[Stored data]

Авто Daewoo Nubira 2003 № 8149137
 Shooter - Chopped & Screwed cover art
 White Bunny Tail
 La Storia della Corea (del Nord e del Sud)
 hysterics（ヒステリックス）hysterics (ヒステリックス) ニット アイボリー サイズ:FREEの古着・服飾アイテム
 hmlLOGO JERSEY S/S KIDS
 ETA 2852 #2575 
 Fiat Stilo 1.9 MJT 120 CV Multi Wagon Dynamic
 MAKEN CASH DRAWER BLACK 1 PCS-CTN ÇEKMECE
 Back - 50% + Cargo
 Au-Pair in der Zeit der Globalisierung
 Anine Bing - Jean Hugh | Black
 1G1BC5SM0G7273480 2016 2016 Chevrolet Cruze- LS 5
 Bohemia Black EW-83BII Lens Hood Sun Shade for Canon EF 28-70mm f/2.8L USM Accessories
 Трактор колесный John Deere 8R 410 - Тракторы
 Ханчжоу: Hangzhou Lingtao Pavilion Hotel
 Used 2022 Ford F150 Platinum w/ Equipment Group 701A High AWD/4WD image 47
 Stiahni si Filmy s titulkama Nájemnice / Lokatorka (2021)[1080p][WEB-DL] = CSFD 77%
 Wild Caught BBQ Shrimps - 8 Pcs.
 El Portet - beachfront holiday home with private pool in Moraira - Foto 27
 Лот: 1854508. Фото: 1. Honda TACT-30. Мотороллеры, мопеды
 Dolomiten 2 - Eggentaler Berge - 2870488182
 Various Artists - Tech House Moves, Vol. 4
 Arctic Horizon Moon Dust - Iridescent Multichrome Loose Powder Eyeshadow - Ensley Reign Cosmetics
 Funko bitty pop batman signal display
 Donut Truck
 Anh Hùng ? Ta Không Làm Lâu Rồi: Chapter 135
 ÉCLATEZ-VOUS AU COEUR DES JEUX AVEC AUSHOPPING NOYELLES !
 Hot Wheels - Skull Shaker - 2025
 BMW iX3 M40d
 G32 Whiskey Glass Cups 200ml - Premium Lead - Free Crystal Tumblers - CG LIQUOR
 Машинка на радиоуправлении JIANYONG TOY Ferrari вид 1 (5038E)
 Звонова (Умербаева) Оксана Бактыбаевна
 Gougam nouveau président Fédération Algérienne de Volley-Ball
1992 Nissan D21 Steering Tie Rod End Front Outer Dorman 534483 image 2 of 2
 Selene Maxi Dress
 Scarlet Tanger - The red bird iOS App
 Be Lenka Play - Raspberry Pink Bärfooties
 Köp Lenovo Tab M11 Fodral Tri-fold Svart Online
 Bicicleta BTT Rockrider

■ WORK INSTRUCTIONS: Once more, write all of the records exactly as given.

■ COMPLETED TASK:
Авто Daewoo Nubira 2003 № 8149137
 Shooter - Chopped & Screwed cover art
 White Bunny Tail
 La Storia della Corea (del Nord e del Sud)
 hysterics（ヒステリックス）hysterics (ヒステリックス) ニット アイボリー サイズ:FREEの古着・服飾アイテム
 hmlLOGO JERSEY S/S KIDS
 ETA 2852 #2575 
 Fiat Stilo 1.9 MJT 120 CV Multi Wagon Dynamic
 MAKEN CASH DRAWER BLACK 1 PCS-CTN ÇEKMECE
 Back - 50% + Cargo
 Au-Pair in der Zeit der Globalisierung
 Anine Bing - Jean Hugh | Black
 1G1BC5SM0G7273480 2016 2016 Chevrolet Cruze- LS 5
 Bohemia Black EW-83BII Lens Hood Sun Shade for Canon EF 28-70mm f/2.8L USM Accessories
 Трактор колесный John Deere 8R 410 - Тракторы
 Ханчжоу: Hangzhou Lingtao Pavilion Hotel
 Used 2022 Ford F150 Platinum w/ Equipment Group 701A High AWD/4WD image 47
 Stiahni si Filmy s titulkama Nájemnice / Lokatorka (2021)[1080p][WEB-DL] = CSFD 77%
 Wild Caught BBQ Shrimps - 8 Pcs.
 El Portet - beachfront holiday home with private pool in Moraira - Foto 27
 Лот: 1854508. Фото: 1. Honda TACT-30. Мотороллеры, мопеды
 Dolomiten 2 - Eggentaler Berge - 2870488182
 Various Artists - Tech House Moves, Vol. 4
 Arctic Horizon Moon Dust - Iridescent Multichrome Loose Powder Eyeshadow - Ensley Reign Cosmetics
 Funko bitty pop batman signal display
 Donut Truck
 Anh Hùng ? Ta Không Làm Lâu Rồi: Chapter 135
 ÉCLATEZ-VOUS AU COEUR DES JEUX AVEC AUSHOPPING NOYELLES !
 Hot Wheels - Skull Shaker - 2025
 BMW iX3 M40d
 G32 Whiskey Glass Cups 200ml - Premium Lead - Free Crystal Tumblers - CG LIQUOR
 Машинка на радиоуправлении JIANYONG TOY Ferrari вид 1 (5038E)
 Звонова (Умербаева) Оксана Бактыбаевна
 Gougam nouveau président Fédération Algérienne de Volley-Ball
1992 Nissan D21 Steering Tie Rod End Front Outer Dorman 534483 image 2 of 2
 Selene Maxi Dress
 Scarlet Tanger - The red bird iOS App
 Be Lenka Play - Raspberry Pink Bärfooties
 Köp Lenovo Tab M11 Fodral Tri-fold Svart Online
 Bicicleta BTT Rockrider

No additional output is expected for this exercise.